A Statement on Racism and Nonviolence from Bishop Laurie Haller and the Appointive Cabinet

A Statement on Racism and Nonviolence from Bishop Laurie Haller and the Appointive Cabinet

June 04, 2020

Dear faithful leaders of the Iowa Annual Conference,

Amid our nation’s deep grief over the loss of so many American lives from the COVID-19 pandemic, we are witnessing that another fatal virus of systemic racism is taking away precious lives and human dignity. George Floyd’s outcry, “I can’t breathe,” at his last moment, haunts the whole American public. His senseless death puts us in trauma and moral injury because it reveals deeply rooted racial bigotries in the history of our country. It denies who we are as fellow human beings of sacred worth, and it disavows our Christian values of love and grace for all. However, we have seen so many people across the nation awakened and mobilized to make a difference for the future of our country. We must and will do better.

The people called United Methodists firmly believe that racism is sin ( BOD, ¶ 162. A), because it is antithetical to Jesus’ teaching of perfect love for all people. The  Social Principles defines that “ Racism is the combination of the power to dominate by one race over other races and a value system that assumes that the dominant race is innately superior to the others… In many cultures, white persons are granted unearned privileges and benefits that are denied to persons of color” (Ibid.). All forms of systemic racism are intensifying “the disparate treatment and lack of full access and equity in resources, opportunities, and participation in the Church and in society based on race or ethnicity” (Ibid.). 

We, the Appointive Cabinet, renounce all forms of systemic racism as sin detrimental to humanity. We reaffirm our baptismal commitment to resist the evil, injustice, and oppression that racism presents. We also call on the Iowa Conference to join together to “affirm the ultimate and temporal worth of all persons” and to speak out against racism and transform our communities and churches. Martin Luther King, Jr., proclaimed that “Justice too long delayed is justice denied” (“Letter from Birmingham Jail”). We cannot breathe without justice and peace which is the oxygen for the wellbeing of our society. This is what God requires from us: “to do justice, embrace faithful love, and walk humbly with your God” (Micah 6:8). 

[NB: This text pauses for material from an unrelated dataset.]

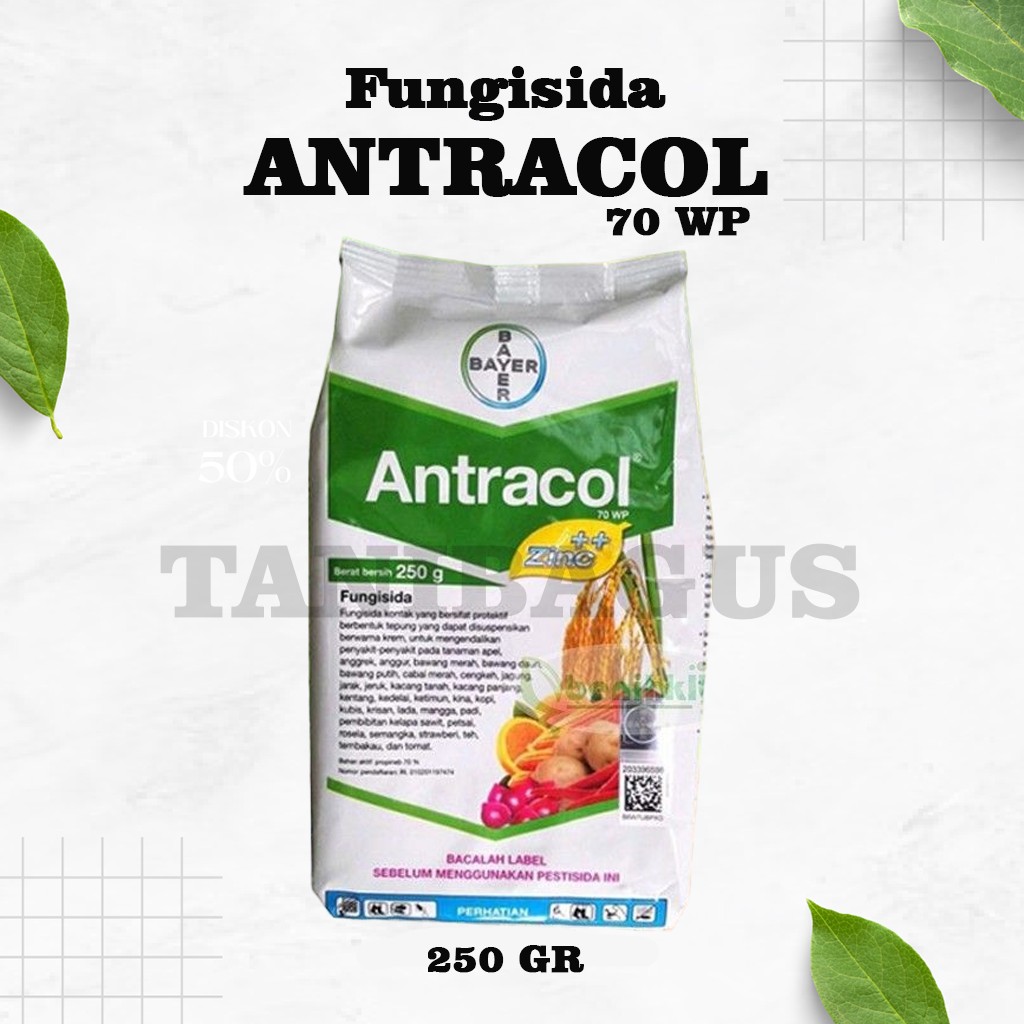 ANTRACOL 70 WP - 250 GR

Let us take a moment to acknowledge profound pain, suffering, and wounds in the hearts of those marginalized people of color across our communities. Especially, we stand in solidarity with the family of George Floyd and many other black lives who were senselessly sacrificed at the hands of white privilege. Here are some actionable items:
  1. Reach out to people of color in your congregations and communities to listen to their stories and grow in solidarity with them.
  2. Contact local officials to advocate for those who have no voice.
  3. Stand with those who protest injustice and racial inequality peacefully and without violence.
  4. Do not participate in or perpetuate the physical violence or the verbal violence of extremists who seek to divide, hate, or lie.

Following Jesus, who lived out his mission to the oppressed for freedom, justice, and reconciliation, let us strive for God’s kingdom and righteousness that will bring healing and peace to our wounded hearts and broken communities.